**Web page caption snippets**:
^^^^
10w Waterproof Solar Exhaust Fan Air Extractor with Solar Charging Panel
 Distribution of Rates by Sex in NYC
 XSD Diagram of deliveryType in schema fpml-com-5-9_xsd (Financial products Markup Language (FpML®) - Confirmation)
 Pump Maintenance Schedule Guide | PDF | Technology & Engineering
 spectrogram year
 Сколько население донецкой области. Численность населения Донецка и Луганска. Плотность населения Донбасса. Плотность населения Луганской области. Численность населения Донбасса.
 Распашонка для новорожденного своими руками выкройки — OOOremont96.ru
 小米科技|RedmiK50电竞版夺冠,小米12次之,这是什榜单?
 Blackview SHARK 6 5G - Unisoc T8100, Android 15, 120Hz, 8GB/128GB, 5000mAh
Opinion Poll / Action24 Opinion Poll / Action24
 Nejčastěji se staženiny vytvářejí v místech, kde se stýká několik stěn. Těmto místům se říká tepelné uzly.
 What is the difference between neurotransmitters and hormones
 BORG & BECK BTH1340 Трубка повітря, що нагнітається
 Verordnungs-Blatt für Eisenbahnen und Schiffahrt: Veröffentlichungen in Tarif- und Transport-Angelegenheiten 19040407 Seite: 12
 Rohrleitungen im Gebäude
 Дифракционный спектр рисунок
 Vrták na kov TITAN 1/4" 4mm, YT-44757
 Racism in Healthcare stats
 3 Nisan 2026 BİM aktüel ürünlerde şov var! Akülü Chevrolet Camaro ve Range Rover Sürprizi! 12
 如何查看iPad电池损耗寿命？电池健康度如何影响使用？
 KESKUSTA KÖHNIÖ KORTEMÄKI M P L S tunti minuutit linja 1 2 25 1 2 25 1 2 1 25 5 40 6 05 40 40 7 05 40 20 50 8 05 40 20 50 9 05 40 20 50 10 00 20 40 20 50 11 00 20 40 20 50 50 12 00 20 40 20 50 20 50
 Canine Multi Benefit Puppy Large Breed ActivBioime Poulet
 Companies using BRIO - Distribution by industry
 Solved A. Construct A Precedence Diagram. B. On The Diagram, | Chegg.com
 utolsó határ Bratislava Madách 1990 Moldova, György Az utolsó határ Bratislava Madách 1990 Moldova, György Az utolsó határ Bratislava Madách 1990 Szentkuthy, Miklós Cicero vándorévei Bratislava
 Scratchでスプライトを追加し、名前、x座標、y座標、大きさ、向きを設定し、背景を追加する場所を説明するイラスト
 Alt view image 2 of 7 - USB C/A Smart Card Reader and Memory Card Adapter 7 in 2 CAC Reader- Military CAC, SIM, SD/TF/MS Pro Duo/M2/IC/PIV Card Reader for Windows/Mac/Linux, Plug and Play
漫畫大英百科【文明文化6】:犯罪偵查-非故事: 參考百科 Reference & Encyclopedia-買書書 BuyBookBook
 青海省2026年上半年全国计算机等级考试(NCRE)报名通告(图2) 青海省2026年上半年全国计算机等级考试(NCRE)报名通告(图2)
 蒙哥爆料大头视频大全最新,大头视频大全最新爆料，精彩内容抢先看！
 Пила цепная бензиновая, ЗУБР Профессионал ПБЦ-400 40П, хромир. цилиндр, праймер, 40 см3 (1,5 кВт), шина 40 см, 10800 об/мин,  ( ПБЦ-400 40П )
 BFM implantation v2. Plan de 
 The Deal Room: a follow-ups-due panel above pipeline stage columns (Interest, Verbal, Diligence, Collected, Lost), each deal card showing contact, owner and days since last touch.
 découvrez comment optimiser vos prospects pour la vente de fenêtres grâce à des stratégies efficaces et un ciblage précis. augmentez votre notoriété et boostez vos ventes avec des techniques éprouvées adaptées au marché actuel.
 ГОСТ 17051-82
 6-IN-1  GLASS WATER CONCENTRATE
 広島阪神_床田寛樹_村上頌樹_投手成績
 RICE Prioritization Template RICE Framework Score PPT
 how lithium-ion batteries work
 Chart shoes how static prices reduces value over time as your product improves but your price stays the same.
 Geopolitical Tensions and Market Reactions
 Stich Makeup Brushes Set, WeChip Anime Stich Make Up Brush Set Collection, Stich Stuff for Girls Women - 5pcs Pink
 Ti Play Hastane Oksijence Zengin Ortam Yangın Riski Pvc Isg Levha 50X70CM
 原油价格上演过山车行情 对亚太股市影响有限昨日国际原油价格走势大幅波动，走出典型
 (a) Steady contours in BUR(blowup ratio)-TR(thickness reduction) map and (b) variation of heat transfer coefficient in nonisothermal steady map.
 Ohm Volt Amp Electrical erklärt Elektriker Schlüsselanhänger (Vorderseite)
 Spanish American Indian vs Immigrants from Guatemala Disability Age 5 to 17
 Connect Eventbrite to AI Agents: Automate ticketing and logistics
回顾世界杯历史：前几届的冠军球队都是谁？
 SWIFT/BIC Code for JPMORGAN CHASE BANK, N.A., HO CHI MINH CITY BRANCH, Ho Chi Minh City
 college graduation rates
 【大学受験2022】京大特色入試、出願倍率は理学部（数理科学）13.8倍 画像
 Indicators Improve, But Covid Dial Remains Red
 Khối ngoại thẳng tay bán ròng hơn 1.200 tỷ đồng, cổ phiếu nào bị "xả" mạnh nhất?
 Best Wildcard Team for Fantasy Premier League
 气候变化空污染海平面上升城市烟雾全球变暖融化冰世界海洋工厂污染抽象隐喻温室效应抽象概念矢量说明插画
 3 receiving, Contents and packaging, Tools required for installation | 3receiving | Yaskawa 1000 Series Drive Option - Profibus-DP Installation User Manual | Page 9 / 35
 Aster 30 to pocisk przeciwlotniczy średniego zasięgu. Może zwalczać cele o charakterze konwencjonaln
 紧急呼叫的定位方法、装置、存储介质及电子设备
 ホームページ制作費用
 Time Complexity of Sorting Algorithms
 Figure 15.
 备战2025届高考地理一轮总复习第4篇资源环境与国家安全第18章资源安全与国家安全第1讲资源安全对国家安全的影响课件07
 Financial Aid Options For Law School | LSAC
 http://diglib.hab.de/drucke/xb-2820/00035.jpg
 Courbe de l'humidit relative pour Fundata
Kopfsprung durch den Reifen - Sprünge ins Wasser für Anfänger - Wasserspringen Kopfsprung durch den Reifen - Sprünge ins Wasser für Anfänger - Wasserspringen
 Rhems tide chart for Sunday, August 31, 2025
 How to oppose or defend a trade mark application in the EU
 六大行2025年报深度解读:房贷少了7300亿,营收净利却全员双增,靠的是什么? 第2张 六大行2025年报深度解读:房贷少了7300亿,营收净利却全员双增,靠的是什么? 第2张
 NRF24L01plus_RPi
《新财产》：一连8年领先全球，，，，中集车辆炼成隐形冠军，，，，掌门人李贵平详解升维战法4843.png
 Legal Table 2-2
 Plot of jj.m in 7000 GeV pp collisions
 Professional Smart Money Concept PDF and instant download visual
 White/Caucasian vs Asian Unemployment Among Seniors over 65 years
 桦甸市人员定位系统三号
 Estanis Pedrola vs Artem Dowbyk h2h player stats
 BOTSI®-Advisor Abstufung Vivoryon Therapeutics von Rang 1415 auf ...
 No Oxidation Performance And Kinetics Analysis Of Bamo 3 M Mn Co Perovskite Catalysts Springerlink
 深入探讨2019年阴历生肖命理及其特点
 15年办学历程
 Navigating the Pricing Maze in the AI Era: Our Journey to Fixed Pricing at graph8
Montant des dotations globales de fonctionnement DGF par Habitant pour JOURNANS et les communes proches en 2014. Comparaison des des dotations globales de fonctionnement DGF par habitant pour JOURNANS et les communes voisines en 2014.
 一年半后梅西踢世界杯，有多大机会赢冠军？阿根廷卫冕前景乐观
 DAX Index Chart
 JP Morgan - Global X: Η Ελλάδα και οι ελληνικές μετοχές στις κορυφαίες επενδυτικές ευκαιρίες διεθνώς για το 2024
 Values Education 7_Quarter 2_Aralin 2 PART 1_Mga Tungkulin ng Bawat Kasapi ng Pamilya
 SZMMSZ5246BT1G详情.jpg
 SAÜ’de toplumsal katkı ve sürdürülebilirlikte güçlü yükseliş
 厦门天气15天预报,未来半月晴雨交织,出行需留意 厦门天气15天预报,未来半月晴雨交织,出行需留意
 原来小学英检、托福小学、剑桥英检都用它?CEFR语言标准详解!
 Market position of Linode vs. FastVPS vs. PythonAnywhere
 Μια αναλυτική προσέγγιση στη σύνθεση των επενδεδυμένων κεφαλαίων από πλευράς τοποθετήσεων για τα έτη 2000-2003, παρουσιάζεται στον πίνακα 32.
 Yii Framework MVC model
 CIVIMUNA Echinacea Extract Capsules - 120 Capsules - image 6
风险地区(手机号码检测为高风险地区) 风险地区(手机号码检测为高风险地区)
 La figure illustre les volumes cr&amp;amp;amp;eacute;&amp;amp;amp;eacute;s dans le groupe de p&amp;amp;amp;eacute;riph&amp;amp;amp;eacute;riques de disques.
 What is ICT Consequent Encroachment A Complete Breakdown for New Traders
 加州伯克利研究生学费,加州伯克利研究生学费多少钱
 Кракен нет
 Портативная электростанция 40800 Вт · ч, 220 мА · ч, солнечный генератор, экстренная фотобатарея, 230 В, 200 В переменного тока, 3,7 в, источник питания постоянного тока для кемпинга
^^^^
Look above for the line containing "Blackview SHARK 6" and the line containing "Racism in Healthcare stats". Transcribe both, with the lines between them, exactly.

 Blackview SHARK 6 5G - Unisoc T8100, Android 15, 120Hz, 8GB/128GB, 5000mAh
Opinion Poll / Action24 Opinion Poll / Action24
 Nejčastěji se staženiny vytvářejí v místech, kde se stýká několik stěn. Těmto místům se říká tepelné uzly.
 What is the difference between neurotransmitters and hormones
 BORG & BECK BTH1340 Трубка повітря, що нагнітається
 Verordnungs-Blatt für Eisenbahnen und Schiffahrt: Veröffentlichungen in Tarif- und Transport-Angelegenheiten 19040407 Seite: 12
 Rohrleitungen im Gebäude
 Дифракционный спектр рисунок
 Vrták na kov TITAN 1/4" 4mm, YT-44757
 Racism in Healthcare stats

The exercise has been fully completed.